Adele Lindenmeyr is the Dean of the College of Liberal Arts and Sciences, and Professor of History at Villanova University.


When did you first develop an interest in Slavic, East European and Eurasian Studies?

As a teenager in suburban Connecticut in the 1960s, I decided to take Russian in high school on a whim. Like many others with no family connection to Russia, I immediately fell in love with the language, literature, and culture. I took my first trip to the USSR with some of my classmates as a high school junior. In college I was fortunate to take courses with Alfred J. Rieber, an experience that led me to change my allegiance from Russian language and literature, my major at the University of Pennsylvania, to history in graduate school. But I retained my strong interest in Russian literature, and I especially cherish the opportunities I had to take seminars with Donald Fanger and Joseph Frank in the 1970s.

What support have you received throughout your career (from ASEEES/other societies/federal support/etc.) that has allowed you to advance your scholarship?

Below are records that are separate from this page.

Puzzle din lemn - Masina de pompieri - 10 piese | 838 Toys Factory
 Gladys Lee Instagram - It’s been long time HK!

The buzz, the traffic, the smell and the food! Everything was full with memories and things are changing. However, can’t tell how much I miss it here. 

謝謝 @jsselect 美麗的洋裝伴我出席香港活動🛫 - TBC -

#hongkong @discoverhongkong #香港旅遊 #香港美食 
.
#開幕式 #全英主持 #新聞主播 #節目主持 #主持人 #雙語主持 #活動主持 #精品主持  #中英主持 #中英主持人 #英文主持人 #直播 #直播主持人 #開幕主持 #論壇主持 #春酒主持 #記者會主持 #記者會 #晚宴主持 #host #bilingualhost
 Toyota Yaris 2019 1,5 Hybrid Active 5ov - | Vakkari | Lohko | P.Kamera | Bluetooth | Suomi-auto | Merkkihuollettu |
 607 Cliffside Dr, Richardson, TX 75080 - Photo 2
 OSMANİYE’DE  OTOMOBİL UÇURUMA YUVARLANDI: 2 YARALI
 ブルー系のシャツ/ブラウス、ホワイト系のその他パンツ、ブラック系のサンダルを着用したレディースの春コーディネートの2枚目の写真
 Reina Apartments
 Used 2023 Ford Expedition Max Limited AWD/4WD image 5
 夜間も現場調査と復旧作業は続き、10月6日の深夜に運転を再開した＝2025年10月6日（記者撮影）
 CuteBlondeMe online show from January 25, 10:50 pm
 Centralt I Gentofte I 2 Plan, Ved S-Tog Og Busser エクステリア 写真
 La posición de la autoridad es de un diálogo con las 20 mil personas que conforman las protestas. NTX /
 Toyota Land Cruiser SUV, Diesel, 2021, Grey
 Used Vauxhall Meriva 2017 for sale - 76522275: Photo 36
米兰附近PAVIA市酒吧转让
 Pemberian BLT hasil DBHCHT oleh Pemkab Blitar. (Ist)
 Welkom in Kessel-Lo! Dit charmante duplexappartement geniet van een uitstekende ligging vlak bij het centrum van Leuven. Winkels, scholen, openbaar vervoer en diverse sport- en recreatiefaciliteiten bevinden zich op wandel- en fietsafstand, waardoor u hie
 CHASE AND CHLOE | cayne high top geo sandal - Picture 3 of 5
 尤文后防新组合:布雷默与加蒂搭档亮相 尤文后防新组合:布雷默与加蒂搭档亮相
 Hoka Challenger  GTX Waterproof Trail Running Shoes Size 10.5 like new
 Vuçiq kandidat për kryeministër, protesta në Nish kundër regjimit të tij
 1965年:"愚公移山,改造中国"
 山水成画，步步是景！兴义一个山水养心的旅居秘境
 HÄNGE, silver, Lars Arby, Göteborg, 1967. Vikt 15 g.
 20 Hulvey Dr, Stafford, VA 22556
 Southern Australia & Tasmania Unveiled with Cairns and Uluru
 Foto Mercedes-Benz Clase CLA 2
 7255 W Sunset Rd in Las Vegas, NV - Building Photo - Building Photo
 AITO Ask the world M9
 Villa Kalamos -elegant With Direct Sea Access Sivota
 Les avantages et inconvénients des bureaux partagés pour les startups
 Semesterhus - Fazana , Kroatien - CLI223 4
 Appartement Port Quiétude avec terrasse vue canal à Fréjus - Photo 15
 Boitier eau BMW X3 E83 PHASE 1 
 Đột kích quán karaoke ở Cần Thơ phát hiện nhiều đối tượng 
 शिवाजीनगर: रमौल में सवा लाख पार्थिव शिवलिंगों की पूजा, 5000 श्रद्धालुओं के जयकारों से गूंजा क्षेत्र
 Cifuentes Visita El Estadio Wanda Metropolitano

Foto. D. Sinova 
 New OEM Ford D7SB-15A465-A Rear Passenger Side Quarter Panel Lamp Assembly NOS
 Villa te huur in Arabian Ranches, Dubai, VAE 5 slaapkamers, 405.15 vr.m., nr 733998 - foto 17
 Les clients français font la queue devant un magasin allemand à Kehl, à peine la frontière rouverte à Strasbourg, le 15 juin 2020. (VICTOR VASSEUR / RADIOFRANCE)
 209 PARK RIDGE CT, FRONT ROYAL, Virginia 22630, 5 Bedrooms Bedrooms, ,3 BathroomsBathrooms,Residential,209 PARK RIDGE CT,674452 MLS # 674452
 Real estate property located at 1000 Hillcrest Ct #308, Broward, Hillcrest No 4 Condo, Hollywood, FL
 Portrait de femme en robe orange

IREX supported my research as a graduate student in the USSR in the 1970s; without that support I simply never would have finished my dissertation and degree. Living in Moscow and Leningrad (in the famous dorm on ulitsa Shevchenko, 25/2) during the Brezhnev era, when “everything was forever,” was a unique experience that influenced not only my formation as a scholar but also my teaching. Generous grants from the National Endowment for the Humanities, the American Philosophical Society, ACLS, the Kennan Institute, and the Dmitrii S. Likachev Foundation enabled me to conduct research in Russia, the US, and Europe for my publications on the history of Russian charity and my biography of Countess Sofia V. Panina, which has just come out in fall 2019 (Citizen Countess: Sofia Panina and the Fate of Revolutionary Russia).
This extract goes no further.